The Tragedy of Suicide

Suicide.

The act of killing yourself because you do not want to continue living, according to Miriam Webster dictionary.

Killing one’s self.

There are so many ways to kill yourself. People often ask why. We rarely find any answer, we barely understand it.

It’s a complex issue that most people often mistake as a simple scenario where a person just snapped and offed himself or herself.

It’s not.

People must understand that it is not a snap decision. Call it selfish, call it cowardly, but it is not impulsive. It doesn’t happen right away, it happens over time. It must be realized that it could have been prevented. It should have been prevented.

I do not support suicide, but I also do not want to condemn those who committed it or thought about doing it.

I cannot and do not speak for others, I only speak for myself. I believe that it is natural to fear death, because there is the fear of the unknown. If a person starts to fear living more than dying, then I believe that it is an indication that there is something severely wrong.

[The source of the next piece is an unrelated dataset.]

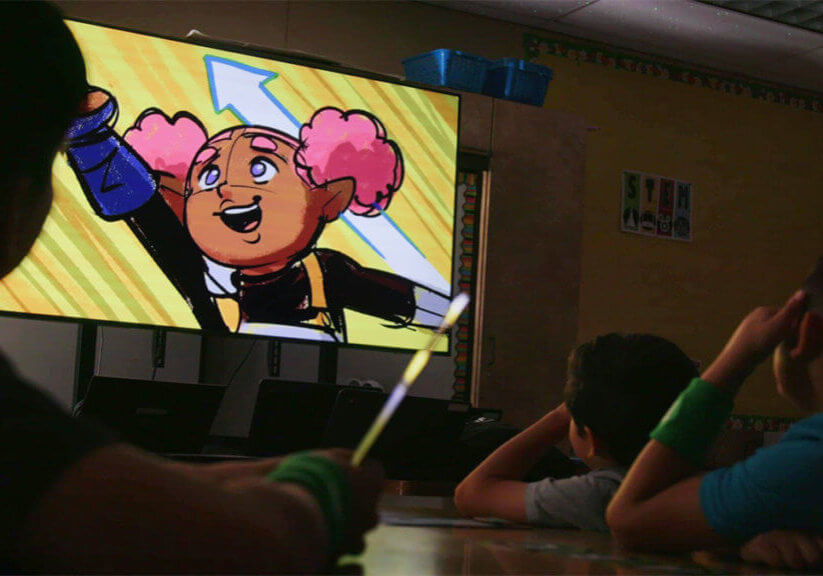 Starforce students watching a video on a projector screen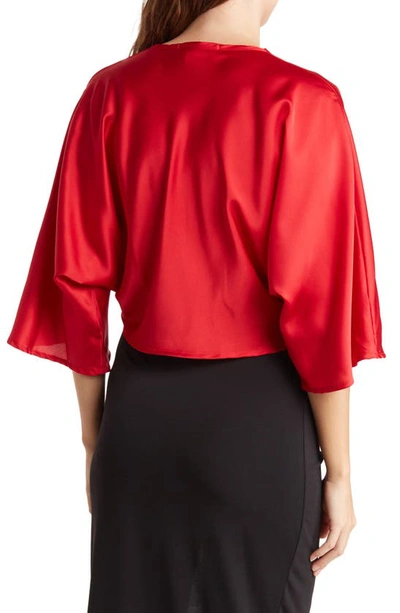 Shop Renee C Plunge Neck Long Sleeve Twisted Knot Satin Top In Red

Countless of times I have wondered why was I born, and most of the time I wish I could just disappear. Sometimes the desire is so great, yet I am aware that I cannot do it. I cannot kill myself, because I know it is wrong. I remember wishing for death so badly. Shame filled my body at that time, because I know it is wrong, yet I wanted to die. The desire and inability to fulfill the desire caused a lot of dissonance within me. I felt devastated. My doctor asked me why I felt that way. I could only cry, because I could not pinpoint a single event that made me wish it. A lot of things happened, and I couldn’t tell which of them triggered me.

A lot of people would do everything in order to stay alive. I know. They know. That’s even more painful, because we already know it’s wrong and yet we somehow still wish to die. When people try to prevent them from doing it by adding even more guilt and pressure, I would believe that it is very counter-productive.

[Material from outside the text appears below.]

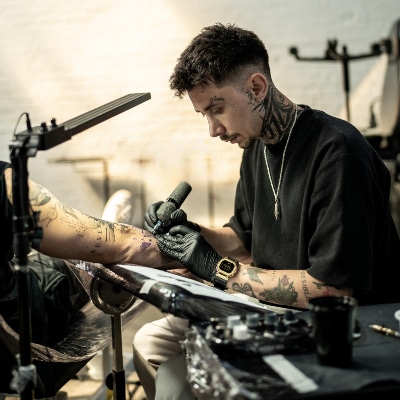 Tolga Temirlenk • Timeless Balance: Black & Grey Tattooing Built to Age with the Body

There are others who romanticize suicide. Stop it. It is not beautiful. It is saddening. It is not the way to send a message, it is not the way to ask for help. There are others who criticize the person who died. Stop it. Some people say that it is a form of victim blaming, and I agree with them. There are ways to stop it, and you are not helping by criticizing it. Give ways to help people who are alive right now, who are contemplating committing it right now. Help by doing what you think should be done. Read up on mental health and illnesses, try to understand it. Try to understand people.

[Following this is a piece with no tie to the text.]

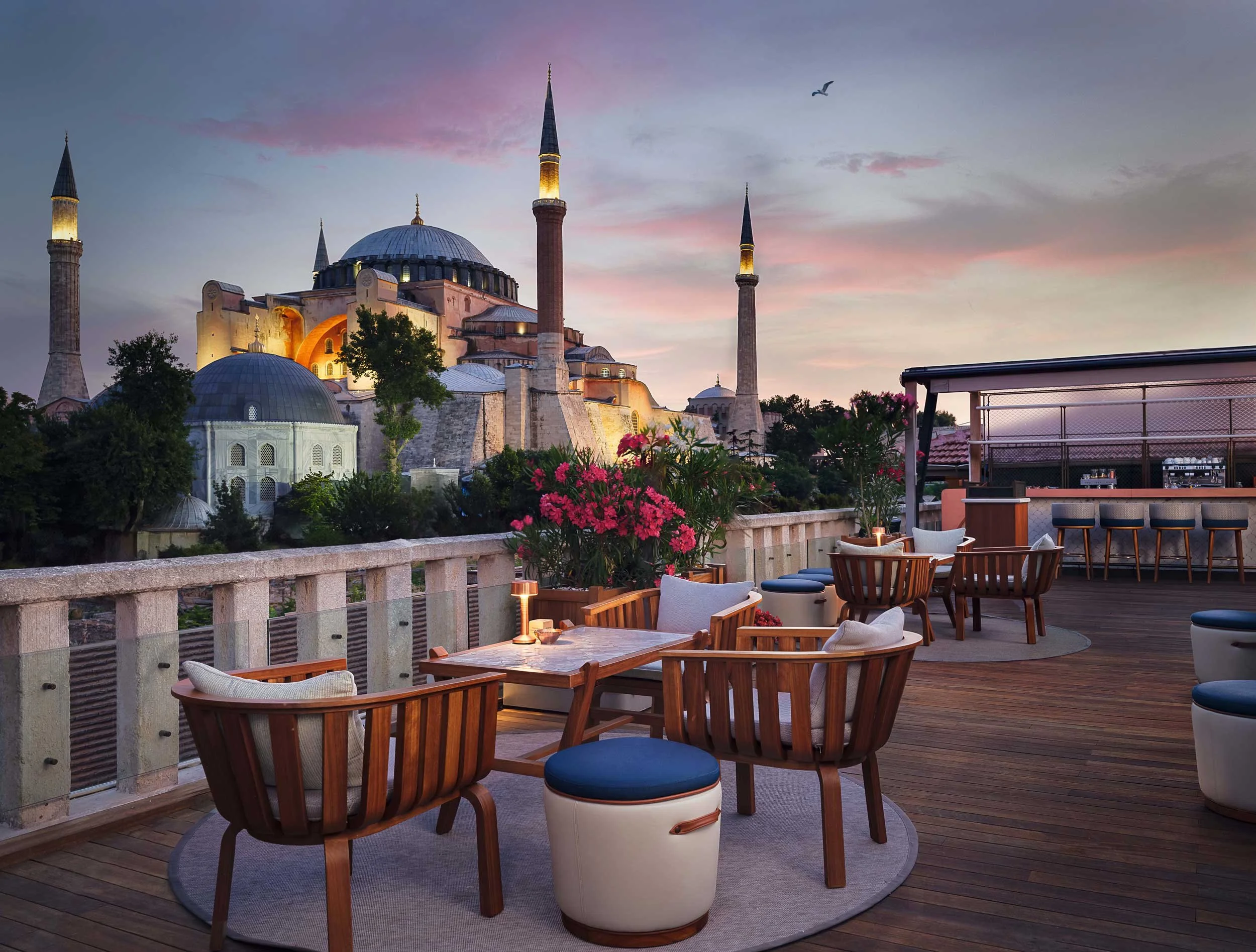Rooftop restaurant terrace of Four Seasons Istanbul Hotel at Sultanahmet with wooden chairs, tables, and pink flowers, overlooking the historic Hagia Sophia mosque illuminated at sunset with a bird flying in the sky.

Empathy and compassion goes a long way. Lend an ear to a stranger, give a hug to a friend. Say a good word here and there. Those little things mean a lot in the long run.

It has to be understood and realized that sometimes, they aren’t enough, that professional help is required. The stigma against mental health has taken and ruined a lot of lives. It could have been prevented, it should have been prevented, and yet here we are in our society where people die because of their own hands.

Some would say that suicide is caused by lack of faith in God. In Islam, suicide is condemned. I don’t want to judge, for I believe God has the final say in everything, and indeed He even provided a prayer against suicide.

“Oh Allah, keep me alive until life is good for me and give me death when that is the better for me” [Bukhari, Muslim]

But not everyone has the luxury and blessing of faith. Sometimes, it just get really difficult. That is why realizing and accepting that mental health has to be taken care of is very important.

I dedicate this post to Chester Bennington, who I do not know personally, but his songs have touched my life in ways I cannot describe. He was an artist who spoke from the heart. There is both a tragedy and irony in his works. The world has listened but did not understand.

This is also for all the people who have thought of doing it, and still does.

To all the people suffering out there, there are those who still care, if we could only just reach out.

And you’re angry, and you should be, it’s not fair
Just ’cause you can’t see it, doesn’t mean it, isn’t there

If they say
Who cares if one more light goes out?
In the sky of a million stars
It flickers, flickers
Who cares when someone’s time runs out?
If a moment is all we are
Or quicker, quicker

Who cares if one more light goes out?

Well I do

Help other people, and at the very least, please help yourself.